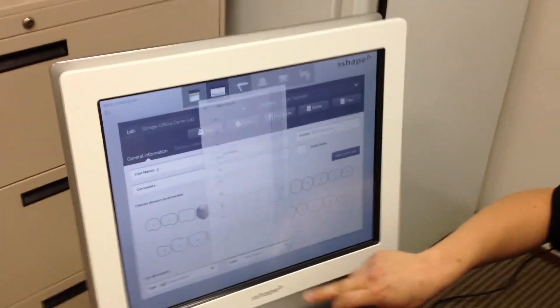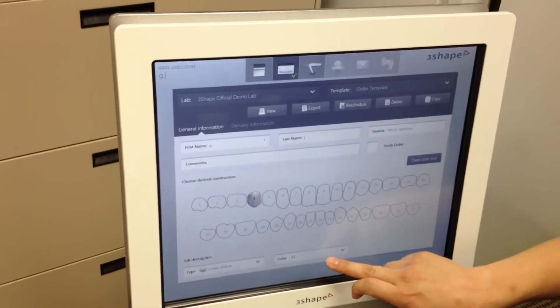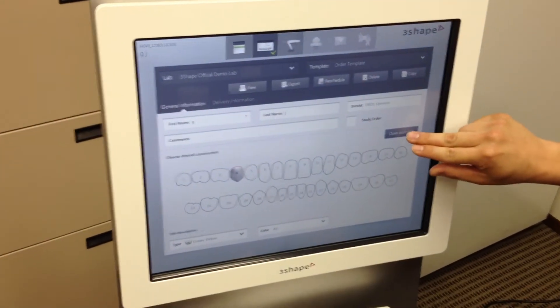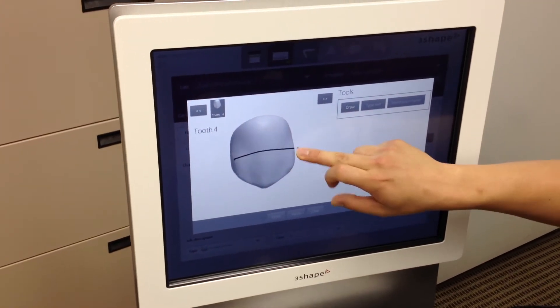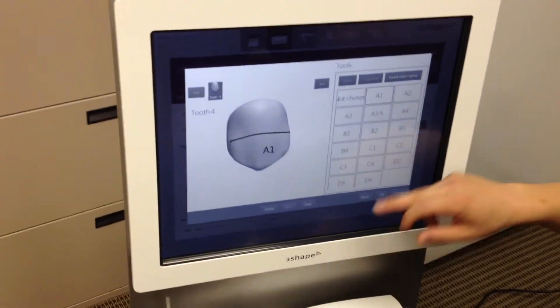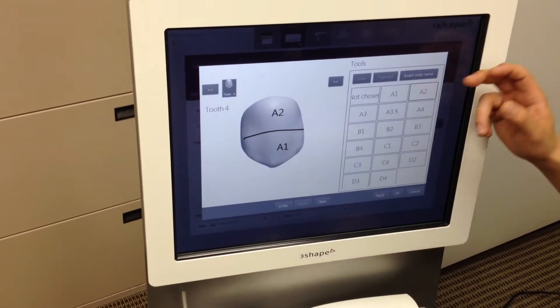For color, you go ahead and choose your shade over here. I'm just going to say an A1 shade. What's nice as well is if you have a two-color crown, you can go ahead and open up a color tool right here. I'll hit this draw button and insert the color name — say I want an A1 incisal and an A2 gingival — and go ahead and add it in just as is.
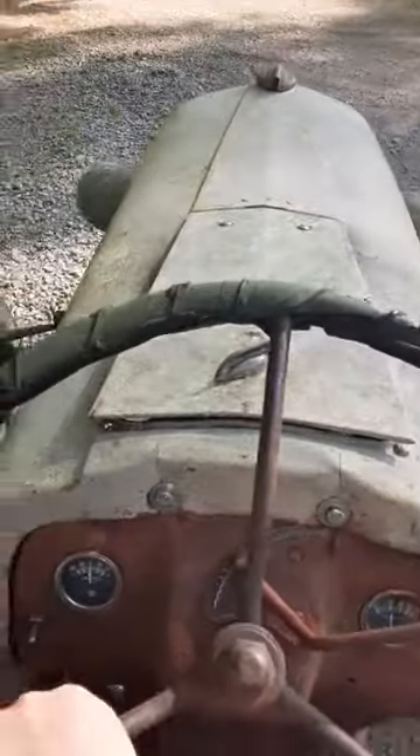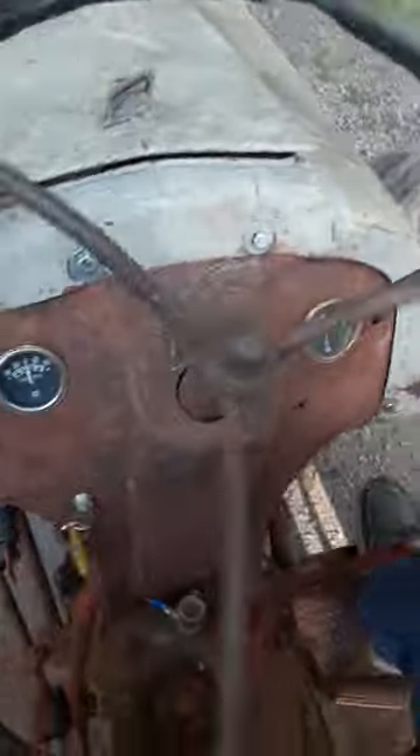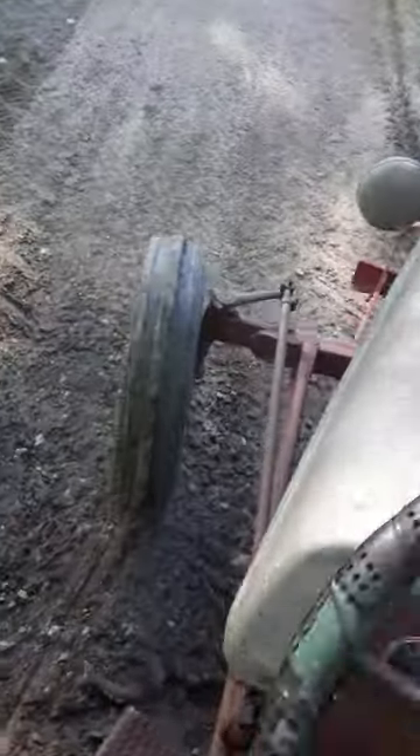We got the brakes fixed on this thing. The way these brakes work is they're like brakes except if you press one, only one tire stops, so it makes it easier to turn — a lot better turning radius. You can tell by the way it just cuts into the ground. Actually, I think that's just because the wheels turn weird; they dig into the ground when they turn.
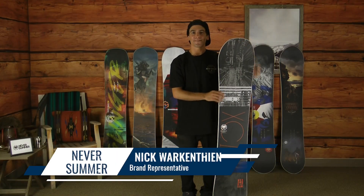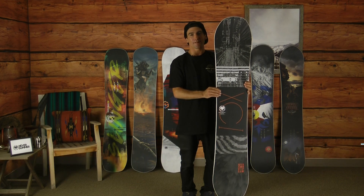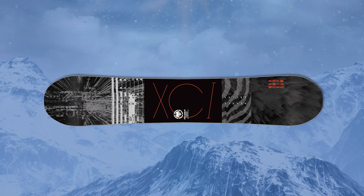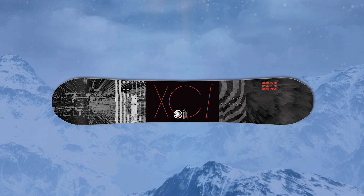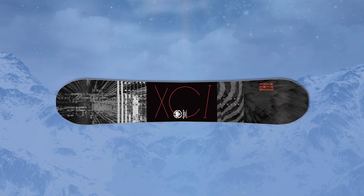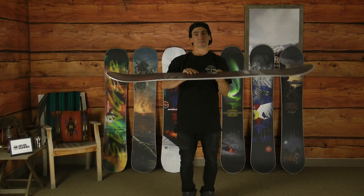Hello, my name is Nick Werkenstein with Never Summer Industries here at Christy Sports, and this is the Ripsaw. The Ripsaw originated the Ripsaw rocker camber profile, giving it aggressive camber on tip and tail, rocker between the feet, keeping it nice and floaty and super aggressive.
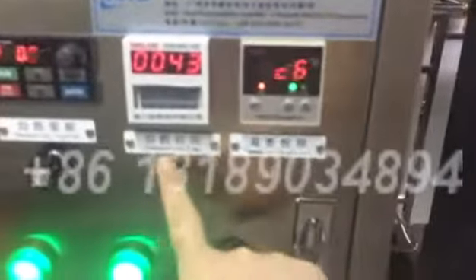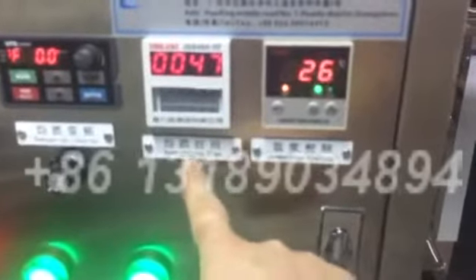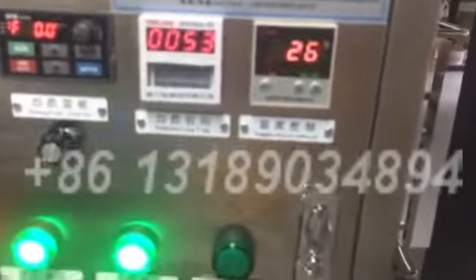Here is the homogenizer time setting. You can set the time for how long it will be homogenizing. It is better no more than 10 minutes per time.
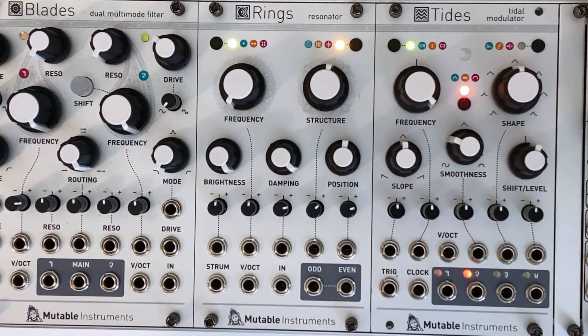Hello. Today, we're going to explore using the Mutable Instruments Rings as a reverb.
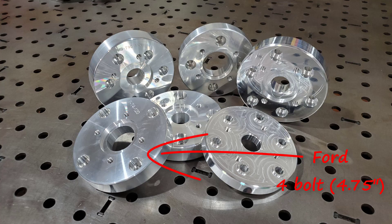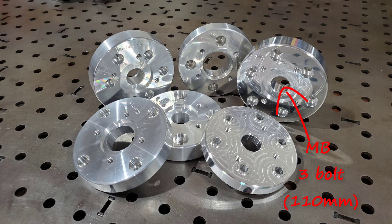The 4-bolt flange as found on the 6R80 is 4.75 inches. And we have several 3-bolt Mercedes adapters accommodating a 90, 100, and 110mm pattern, as well as a 110mm 4-bolt pattern as found on many of the 722.6 transmissions.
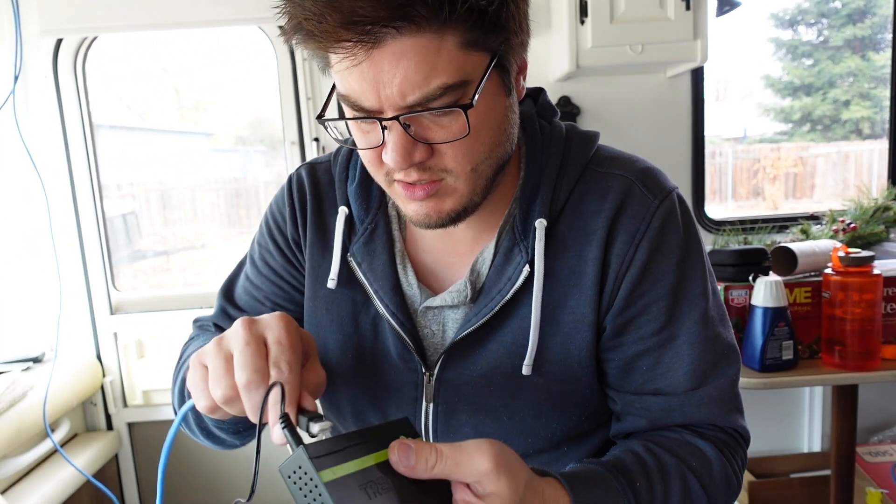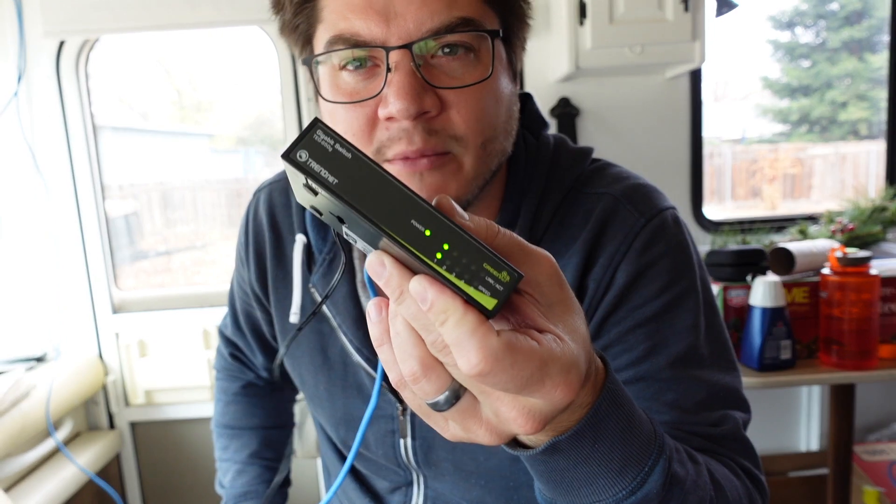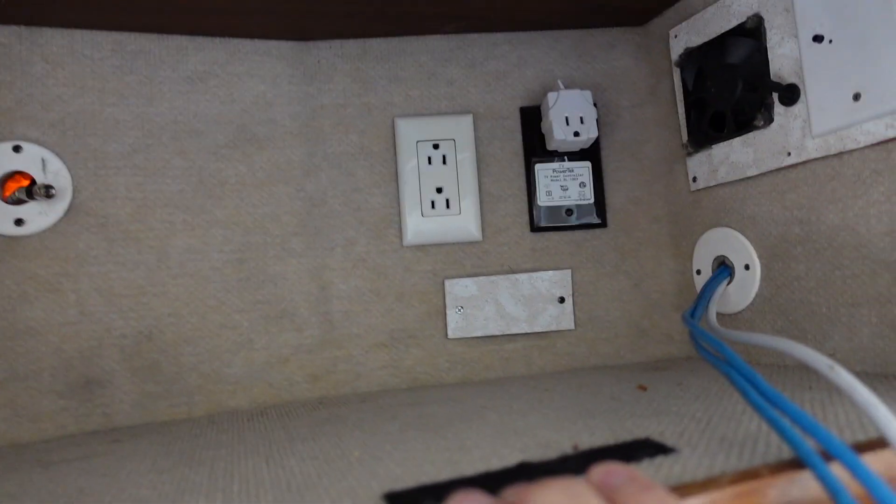The switch is powered up. I plug this in — I've got a link and I've got gigabit, so my two switches are connected. I'll double-check that unplugging it drops the link, but this is the connection to the back of the RV. This right here is the old media cabinet — when this thing was sold, probably VCR, DVD player, and maybe a satellite receiver were in here. We're not going to have any of that, so I'm going to install all the networking gear up here: the switch, the router, the Wi-Fi access point, and probably the server.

§ **Goal of the exercise**: Copy every line of the records exactly as it is written, but not the pictures.

§ **Task solution**:
For color, you go ahead and choose your shade over here. I'm just going to say an A1 shade. What's nice as well is if you have a two-color crown, you can go ahead and open up a color tool right here. I'll hit this draw button and insert the color name — say I want an A1 incisal and an A2 gingival — and go ahead and add it in just as is.
We got the brakes fixed on this thing. The way these brakes work is they're like brakes except if you press one, only one tire stops, so it makes it easier to turn — a lot better turning radius. You can tell by the way it just cuts into the ground. Actually, I think that's just because the wheels turn weird; they dig into the ground when they turn.
Hello, my name is Nick Werkenstein with Never Summer Industries here at Christy Sports, and this is the Ripsaw. The Ripsaw originated the Ripsaw rocker camber profile, giving it aggressive camber on tip and tail, rocker between the feet, keeping it nice and floaty and super aggressive.
Here is the homogenizer time setting. You can set the time for how long it will be homogenizing. It is better no more than 10 minutes per time.
Hello. Today, we're going to explore using the Mutable Instruments Rings as a reverb.
The 4-bolt flange as found on the 6R80 is 4.75 inches. And we have several 3-bolt Mercedes adapters accommodating a 90, 100, and 110mm pattern, as well as a 110mm 4-bolt pattern as found on many of the 722.6 transmissions.
The switch is powered up. I plug this in — I've got a link and I've got gigabit, so my two switches are connected. I'll double-check that unplugging it drops the link, but this is the connection to the back of the RV. This right here is the old media cabinet — when this thing was sold, probably VCR, DVD player, and maybe a satellite receiver were in here. We're not going to have any of that, so I'm going to install all the networking gear up here: the switch, the router, the Wi-Fi access point, and probably the server.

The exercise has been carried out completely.